Panicle blight and seed rot disease caused mainly by Burkholderia glumae and Burkholderia gladioli is threatening rice cultivation worldwide. The bacteria have been reported as seed-borne pathogens from rice. Accurate detection of both pathogens on the seeds is very important for limiting the disease dissemination. Novel primer pairs targeting specific molecular markers were developed for the robust detection of B. glumae and B. gladioli. The designed primers were specific in detecting the target species with no apparent cross-reactions with other related Burkholderia species at the expected product size.

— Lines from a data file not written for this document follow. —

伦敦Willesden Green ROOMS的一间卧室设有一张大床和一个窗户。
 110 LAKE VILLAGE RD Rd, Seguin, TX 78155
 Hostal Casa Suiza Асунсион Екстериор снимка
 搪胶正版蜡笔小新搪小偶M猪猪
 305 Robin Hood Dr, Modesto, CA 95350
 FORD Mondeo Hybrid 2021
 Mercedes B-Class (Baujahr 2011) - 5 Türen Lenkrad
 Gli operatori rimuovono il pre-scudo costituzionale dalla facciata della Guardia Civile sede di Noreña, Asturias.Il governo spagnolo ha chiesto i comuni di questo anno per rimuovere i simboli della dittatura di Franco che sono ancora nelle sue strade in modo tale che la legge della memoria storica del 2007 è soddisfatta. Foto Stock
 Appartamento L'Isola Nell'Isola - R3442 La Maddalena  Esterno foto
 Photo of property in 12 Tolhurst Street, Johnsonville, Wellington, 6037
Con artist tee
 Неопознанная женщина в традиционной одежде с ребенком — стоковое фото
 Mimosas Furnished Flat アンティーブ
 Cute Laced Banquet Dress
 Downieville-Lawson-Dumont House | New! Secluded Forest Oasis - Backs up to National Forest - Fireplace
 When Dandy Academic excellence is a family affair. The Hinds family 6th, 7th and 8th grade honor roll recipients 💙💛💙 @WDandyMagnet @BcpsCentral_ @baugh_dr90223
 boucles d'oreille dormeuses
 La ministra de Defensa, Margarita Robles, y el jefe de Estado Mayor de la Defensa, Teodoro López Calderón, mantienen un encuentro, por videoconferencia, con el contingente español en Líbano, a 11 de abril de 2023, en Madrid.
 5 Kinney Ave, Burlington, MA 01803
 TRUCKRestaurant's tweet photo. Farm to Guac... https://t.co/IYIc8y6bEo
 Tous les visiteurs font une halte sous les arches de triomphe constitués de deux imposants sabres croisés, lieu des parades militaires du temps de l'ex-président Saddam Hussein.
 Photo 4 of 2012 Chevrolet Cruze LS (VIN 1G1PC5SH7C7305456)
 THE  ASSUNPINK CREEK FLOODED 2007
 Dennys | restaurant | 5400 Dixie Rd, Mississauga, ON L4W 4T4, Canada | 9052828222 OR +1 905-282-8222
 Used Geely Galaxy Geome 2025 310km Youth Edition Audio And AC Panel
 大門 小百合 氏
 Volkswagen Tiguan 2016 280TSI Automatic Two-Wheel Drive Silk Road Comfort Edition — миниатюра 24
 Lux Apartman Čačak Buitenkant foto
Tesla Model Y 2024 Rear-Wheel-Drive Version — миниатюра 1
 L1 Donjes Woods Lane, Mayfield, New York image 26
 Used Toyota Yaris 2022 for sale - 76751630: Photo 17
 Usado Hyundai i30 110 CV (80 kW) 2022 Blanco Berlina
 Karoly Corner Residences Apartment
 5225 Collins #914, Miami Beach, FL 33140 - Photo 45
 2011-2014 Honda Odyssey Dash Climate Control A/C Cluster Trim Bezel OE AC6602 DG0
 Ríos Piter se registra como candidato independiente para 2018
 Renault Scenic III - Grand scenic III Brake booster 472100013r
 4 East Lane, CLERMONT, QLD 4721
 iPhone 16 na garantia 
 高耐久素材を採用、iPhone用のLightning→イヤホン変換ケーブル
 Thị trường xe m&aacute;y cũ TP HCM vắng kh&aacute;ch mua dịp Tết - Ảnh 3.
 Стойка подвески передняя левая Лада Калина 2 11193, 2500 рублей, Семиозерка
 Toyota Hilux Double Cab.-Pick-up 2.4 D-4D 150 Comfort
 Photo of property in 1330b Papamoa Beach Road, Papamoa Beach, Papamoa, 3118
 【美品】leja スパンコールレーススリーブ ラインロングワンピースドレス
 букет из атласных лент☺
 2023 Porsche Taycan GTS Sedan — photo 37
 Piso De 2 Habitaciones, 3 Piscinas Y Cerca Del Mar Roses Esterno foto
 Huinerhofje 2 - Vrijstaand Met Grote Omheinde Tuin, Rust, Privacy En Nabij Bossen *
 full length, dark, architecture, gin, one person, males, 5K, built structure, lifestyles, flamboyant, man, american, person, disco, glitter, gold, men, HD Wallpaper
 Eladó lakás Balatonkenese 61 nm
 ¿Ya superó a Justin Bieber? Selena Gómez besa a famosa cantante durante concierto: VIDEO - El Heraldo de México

Both primer pairs displayed a high degree of sensitivity for detection of B. glumae and B. gladioli separately in monoplex PCR or simultaneously in duplex PCR from both extracted gDNA and directly preheated bacterial cell suspensions. Limit of detection was as low as 0.1 ng of gDNA of both species and $3.86{\times}10^2cells$ for B. glumae and $5.85{\times}10^2cells$ for B. gladioli. On inoculated rice seeds, the designed primers could separately or simultaneously detect B. glumae and B. gladioli with a detection limit as low as $1.86{\times}10^3cells$ per rice seed for B. glumae and $1.04{\times}10^4cells$ per rice seed of B. gladioli. The novel primers maybe valuable as a more sensitive, specific, and robust tool for the efficient simultaneous detection of B. glumae and B. gladioli on rice seeds, which is important in combating rice panicle blight and seed rot by early detection and confirmation of the dissemination of pathogen-free rice seeds.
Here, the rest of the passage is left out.